Vacancy rates were lower throughout the zones that make up the Windsor CMA. Downtown Windsor, Zone 1, declined slightly from 17.5 per cent the previous year to 15.6 per cent in 2009. The vacancy rate decreased for one and two bedroom units and was higher for bachelor units. Often renters move up to larger units as they become available. However, very high youth unemployment meant that demand was low for the most affordable rental accommodation. Zone 1 has traditionally had a higher vacancy rate than any other Windsor zone in part due to the large proportion of older structures which often require more repairs and therefore may be considered less desirable by potential tenants. On a positive note, the opening of a satellite campus for St. Clair College’s school of art and design brought about 200 students to the downtown this fall. Further expansion plans in conjunction with the University of Windsor’s music, theatre and fine arts programs could bring a further 700 students to the area within the next two years. The vacancy rate for one bedroom apartments was highest in Zone 2 at 18.9 per cent. This zone has a number of smaller buildings with primarily one bedroom apartments. Smaller buildings, such as those with less than 20 units tend to have higher vacancies during periods of oversupply as tenants have options and preferences for larger buildings which tend to have more security, and professional on-site management. Rents for one bedroom units in this zone remain low in an attempt to lure new tenants or retain existing occupants. Traditionally in Windsor the most popular location for renters to choose is Zone 3- East Outer which had the lowest overall vacancy rate in the City at 10.5 per cent, as well as the lowest one bedroom vacancy rate at 8.5 per cent. The latter was significantly lower than the one-bedroom vacancy rates in surrounding zones. This zone includes larger buildings with prime locations along the river which are more attractive to tenants. These buildings offer newer units and professional on-site management.
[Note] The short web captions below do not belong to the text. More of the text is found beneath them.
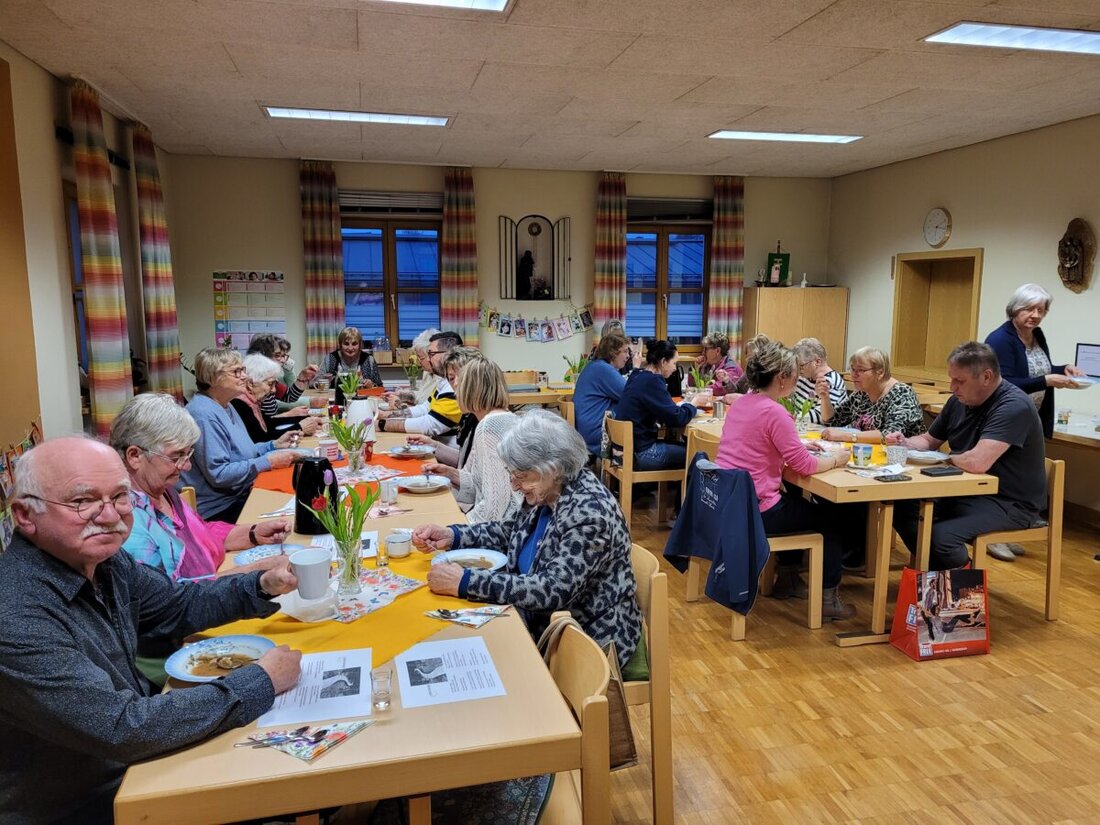 Weiherhammer. 26 Teilnehmende erlebten eine besondere Auszeit beim Heilfasten nach Hildegard von Bingen. Unter Anleitung der KAB-Gruppe gab es Brühe, Dinkel und Tee – Höhepunkt war das Fastenbrechen mit Bratapfel.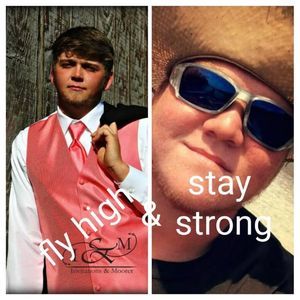 Meet your Posher, Devin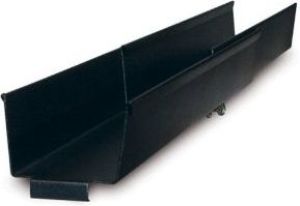 APC Boczny kanał do zarządzania kablami w szafach Rack (AR8008BLK) 2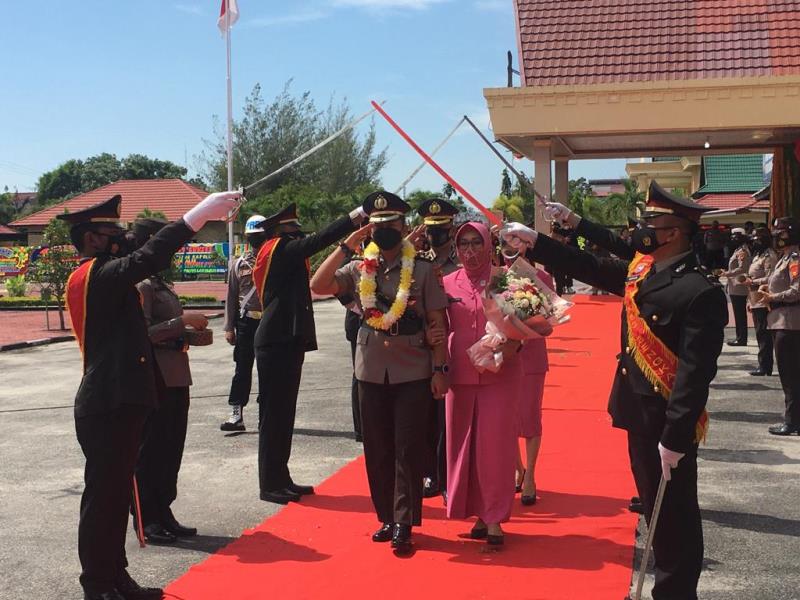 Pisah Sambut Kapolres Bengkalis Diwarnai Tradisi Pedang Pora
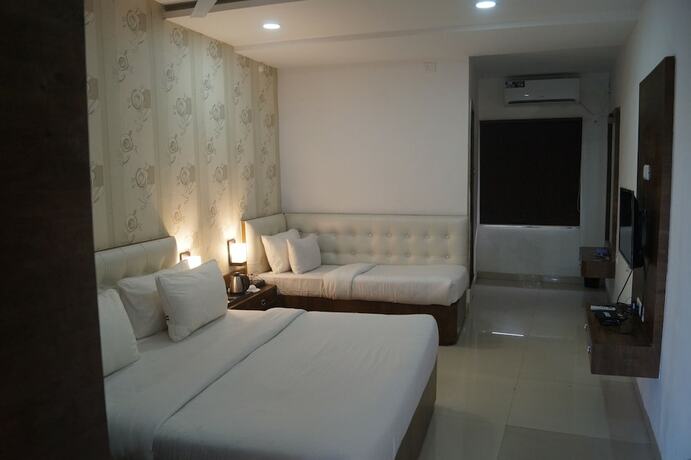 Imagen general del Hotel Touchwood Resort Indore. Foto 4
As well the larger property management firms have the resources available to offer rental incentives which many smaller landlords do not.

Posted by Moshe Alexander

Demand for rental apartments in both the Kitchener and Guelph CMAs decreased in October 2009. The average vacancy rate for privately- initiated rental apartments in the Kitchener CMA increased to 3.3 per cent from 1.8 per cent in October 2008. In the Guelph CMA, the vacancy rate rose to 4.1 per cent from 2.3 per cent last October.

A number of factors, both demographic and economic, contributed to the decreased demand for rental accommodations. These factors included renters moving to home ownership, higher unemployment and lower demand from young adults. Although the main reason vacancy rates were up was a decrease in demand, additional rental housing which was not completed in time to be included in the survey but was available for occupancy before the survey also had some impact.
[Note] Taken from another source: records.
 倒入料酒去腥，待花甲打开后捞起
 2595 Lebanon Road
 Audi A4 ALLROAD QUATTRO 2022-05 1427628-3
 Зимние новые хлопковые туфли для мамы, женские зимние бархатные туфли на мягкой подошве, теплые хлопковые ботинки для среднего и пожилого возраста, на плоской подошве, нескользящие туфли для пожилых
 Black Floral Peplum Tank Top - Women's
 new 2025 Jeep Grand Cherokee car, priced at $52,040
Many first-time buyers made the move to home ownership and vacated their rental units in 2009. Mortgage rates decreased to their lowest level in more than 60 years. With the uncertainty in the economy, home price growth was limited. As a result, mortgage carrying costs became more affordable. First-time homebuyers who had remained on the sidelines in the final quarter of 2008 and the first quarter of 2009, propelled sales of existing homes to strong levels in the second and third quarters of 2009.
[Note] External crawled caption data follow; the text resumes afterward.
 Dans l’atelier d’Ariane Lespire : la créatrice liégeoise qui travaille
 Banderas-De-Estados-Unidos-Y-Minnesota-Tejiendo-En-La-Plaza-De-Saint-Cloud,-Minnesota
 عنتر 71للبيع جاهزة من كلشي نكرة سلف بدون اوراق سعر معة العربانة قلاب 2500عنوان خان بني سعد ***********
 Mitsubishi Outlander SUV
Employment in the Kitchener CMA for the first three quarters of 2009 declined by 1.4 per cent, or 3,600 jobs, compared to the same period in 2008. All of the jobs lost were full time. Unemployment increased across all age groups. The unemployment rate for youth jumped to 15 per cent. Those in the 15-24 age group typically rent. Consequently, many youth chose to remain at home or double up with other rental households, resulting in more vacant units.

In the Guelph CMA, employment decreased by 2,600 jobs, or 3.4 per cent. As in the Kitchener CMA, unemployment increased across all age groups. Some rental households doubled up or made alternative living arrangements. As a result, fewer rental units were occupied.